In Brazil, 864 citizens participated in a survey about using gene-editing to improve animal welfare. Sixty percent of respondents stated that using gene-editing for increased muscle growth was not acceptable; whereas, 40% of respondents stated using gene-editing to improve heat resistance or increase polled cattle was also not acceptable (Yunes et al., 2021).

  1. Cattle Housing Systems

Over 3,600 survey respondents from eight European countries were asked to rank four different dairy cattle housing systems.
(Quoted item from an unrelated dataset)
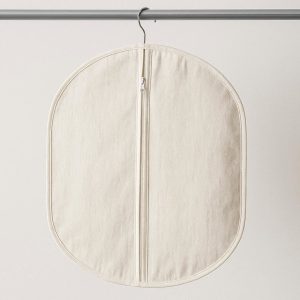 Breathable Cotton Wardrobe Protector Bag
Over half of respondents ranked compost bedded barns as the best housing for health, space, and comfort for cows (Waldrop et al., 2021).

  1. Animal Welfare Influences Buying Decisions

In Italy, 69% of 969 consumers reported they pay attention to animal welfare at the time of purchasing dairy products, and they mostly acquire information about animal welfare through the mass media (Rubini et al., 2021).
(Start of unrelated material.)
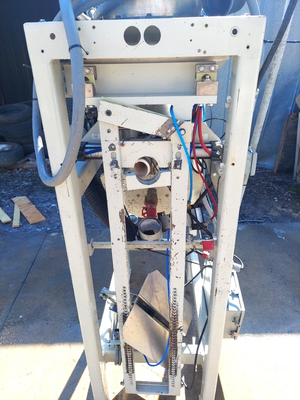 Used _UNKNOWN_ _UNKNOWN_ Fillers Bulk Bag - Open Mouth - Valve Bag West Virginia US | Cooper Industries #1409413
As we near June Dairy Month, let’s make a concerted effort to find new ways to help more people feel connected to our industry. Share your story, it’s a good one!



2022 Class of CUDS Members Ready to Take the Helm

Amber Adams Progar, Copperative University Dairy Students (CUDS) Advisor


And just like that . . . a new cohort of CUDS members are trained and ready to manage the herd. We received a phenomenal pool of applicants and conducted interviews last semester. New members started training this past January and completed their training a couple of weeks ago. It is my pleasure to introduce you to our class of 2022.

Andrew Bartelheimer – President

Avery Ahearn – Reproduction

Katie Beckner – Milk Quality & Udder Health

Usha Caldwell – Finances

Holly Guest – Public Relations

Alyssa Hawley – Calves, Heifers, and Dry Cows

Doan Hoang – Calves, Heifers, and Dry Cows

Alissa Jilk – Reproduction

Rania Kraus – Sire Selection

Kaycie Leslie – Herd Health

Mary Morse – Nutrition/Feed Management

Olivia Poncia – Cow Comfort

Heston Richmond – Herd Health

Lauren Sandoval – Drugs, Supplies, and Records


We are excited to see what the next year brings for the CUDS members and herd. Welcome to our new members!